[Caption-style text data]
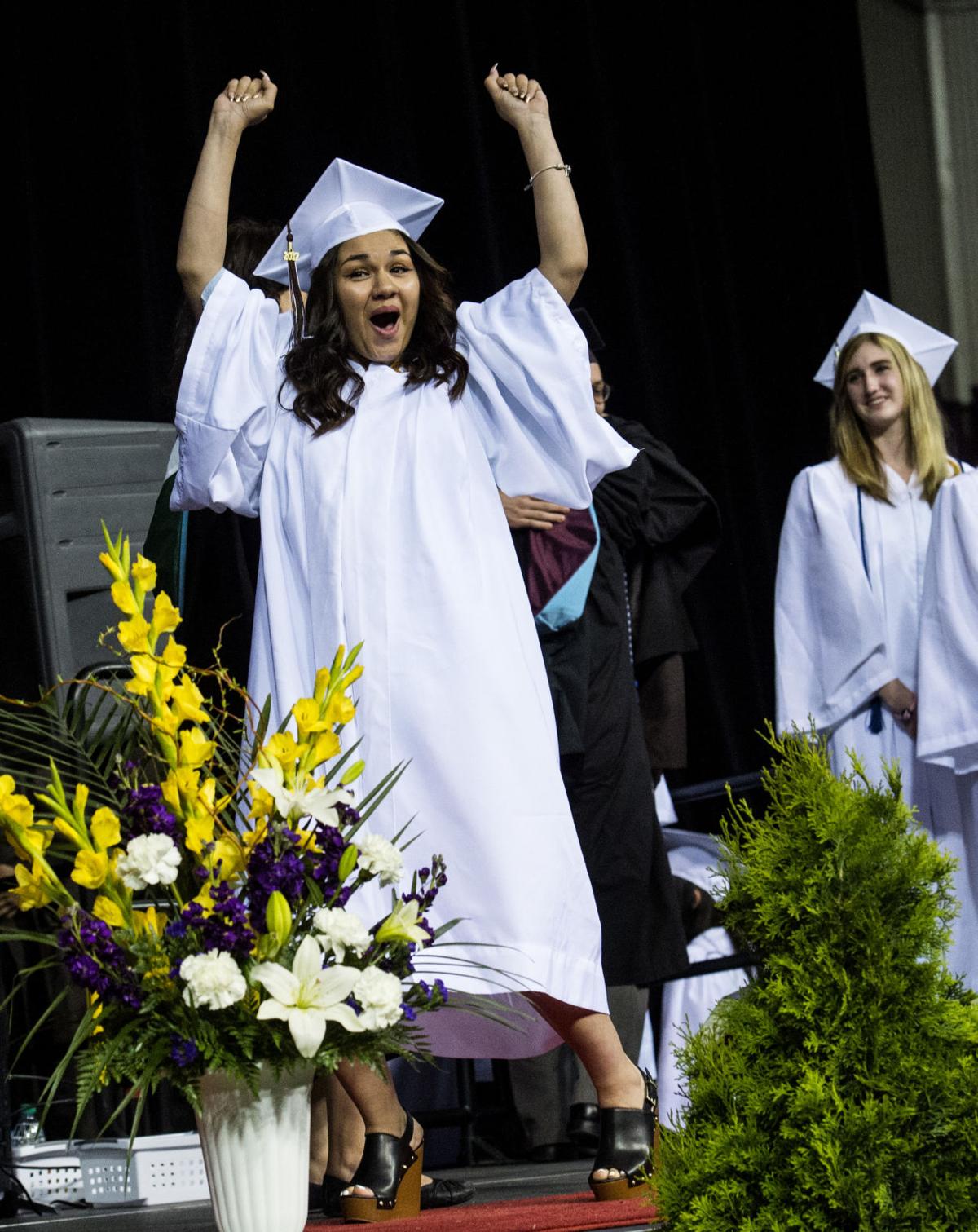 Avad Stahl-Gomez celebrates after her name was called during the Palmer Class of 2017 graduation ceremony Tuesday, May 23, 2017, at the Boardmoor World Arena in Colorado Springs. (The Gazette, Christian Murdock)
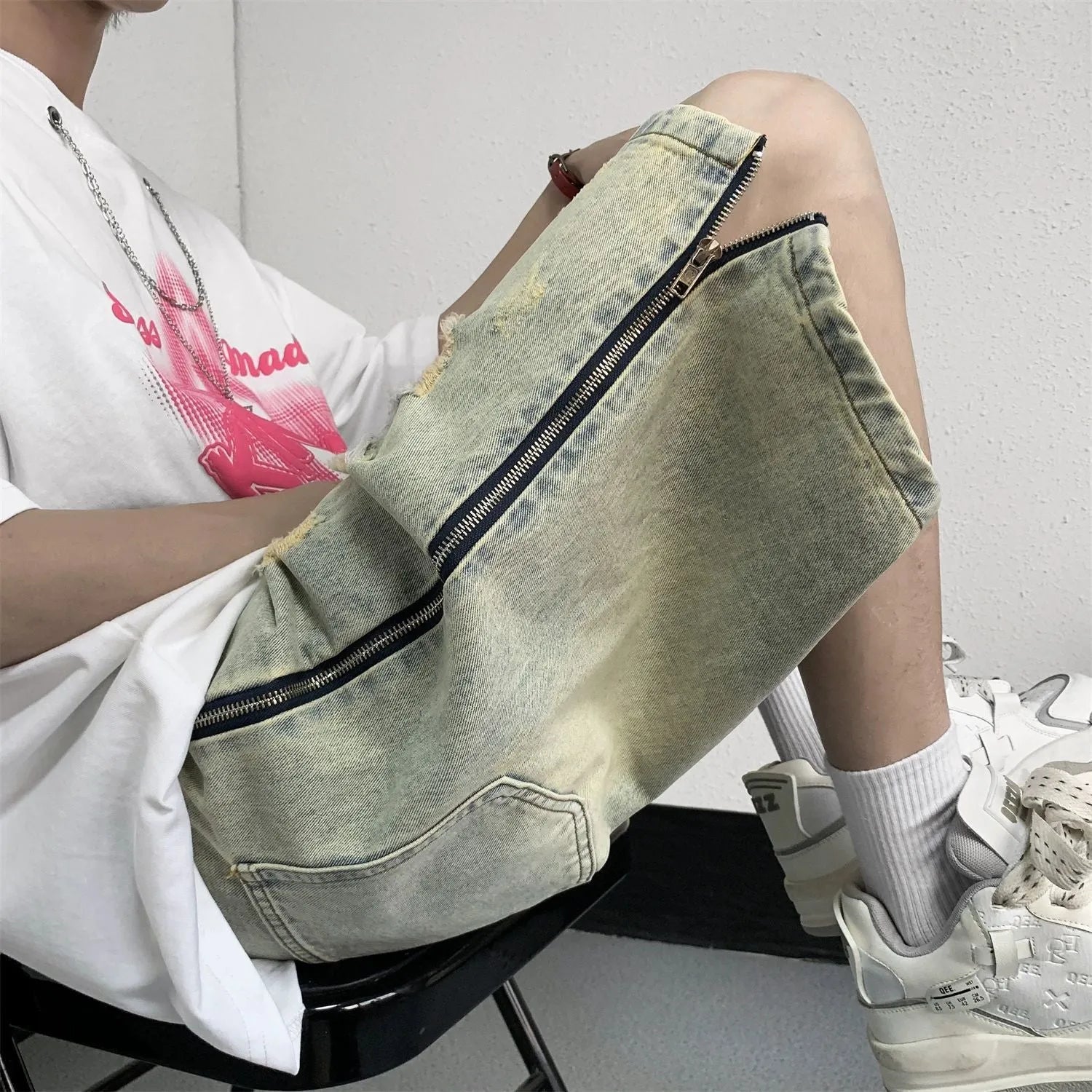 Men's blue retro denim shorts with yellow mud distressing, rips, button fly, and a loose fit.
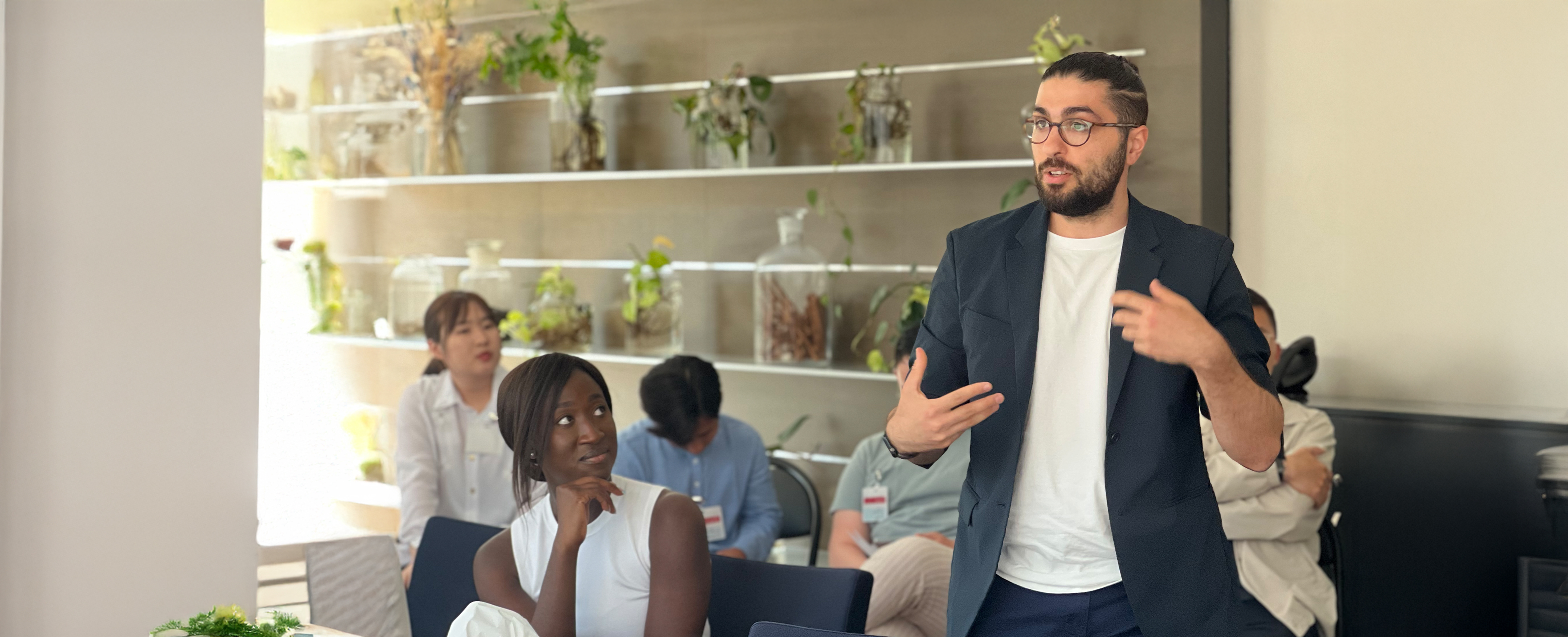 An NYU SPS professor speaks to a room full of students in a Real World class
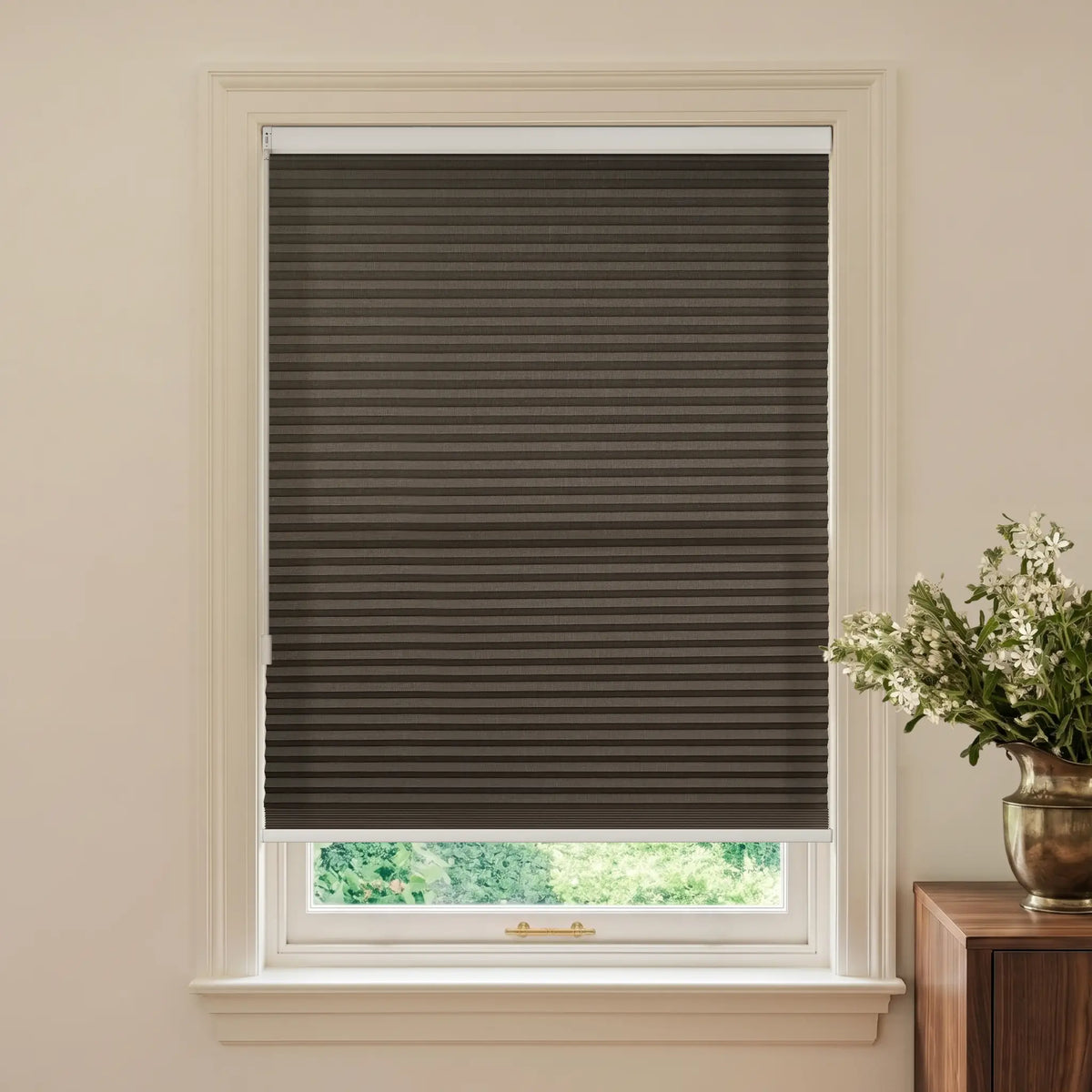 A dark brown Motionblinds Smart Cellular Shades installed in a white window frame, shown in a styled room setting with a wooden side table and a vase of white flowers on the right.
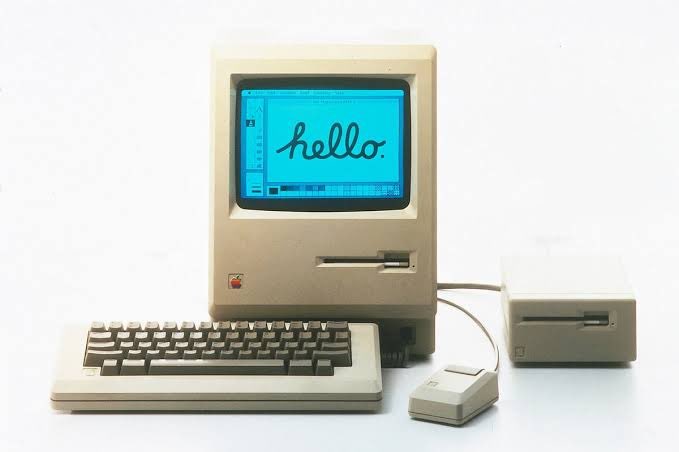 A vintage Apple Macintosh computer setup with keyboard, mouse, and external drive, displaying the word 'hello.' in cursive on a blue screen.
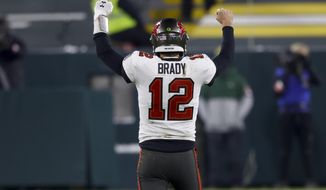 Tampa Bay Buccaneers quarterback Tom Brady reacts after winning the NFC championship NFL football game against the Green Bay Packers in Green Bay, Wis., Sunday, Jan. 24, 2021. The Buccaneers defeated the Packers 31-26 to advance to the Super Bowl. (AP Photo/Jeffrey Phelps)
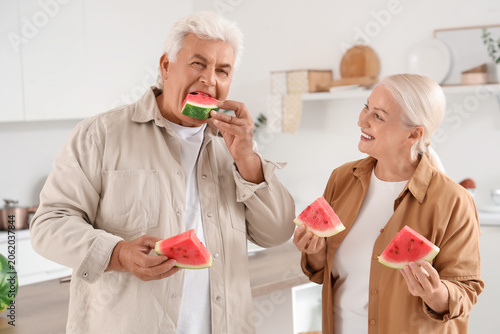 Mature couple eating watermelon in kitchen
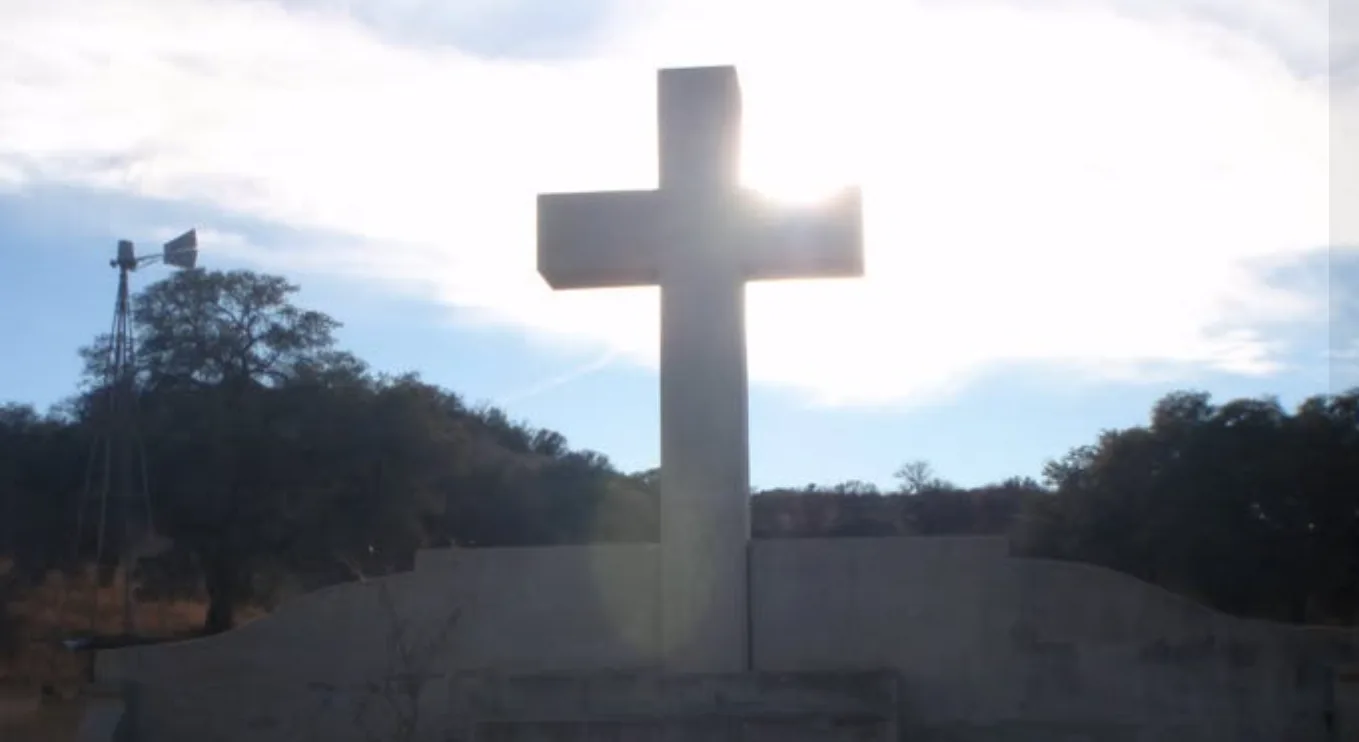 A stone cross backlit by the sun against a bright sky, with a windmill and trees in the distance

Work item:
Omit every picture, then repeat the remaining data exactly as it appears above.

Exercise answer:
 Avad Stahl-Gomez celebrates after her name was called during the Palmer Class of 2017 graduation ceremony Tuesday, May 23, 2017, at the Boardmoor World Arena in Colorado Springs. (The Gazette, Christian Murdock)
 Men's blue retro denim shorts with yellow mud distressing, rips, button fly, and a loose fit.
 An NYU SPS professor speaks to a room full of students in a Real World class
 A dark brown Motionblinds Smart Cellular Shades installed in a white window frame, shown in a styled room setting with a wooden side table and a vase of white flowers on the right.
 A vintage Apple Macintosh computer setup with keyboard, mouse, and external drive, displaying the word 'hello.' in cursive on a blue screen.
 Tampa Bay Buccaneers quarterback Tom Brady reacts after winning the NFC championship NFL football game against the Green Bay Packers in Green Bay, Wis., Sunday, Jan. 24, 2021. The Buccaneers defeated the Packers 31-26 to advance to the Super Bowl. (AP Photo/Jeffrey Phelps)
 Mature couple eating watermelon in kitchen
 A stone cross backlit by the sun against a bright sky, with a windmill and trees in the distance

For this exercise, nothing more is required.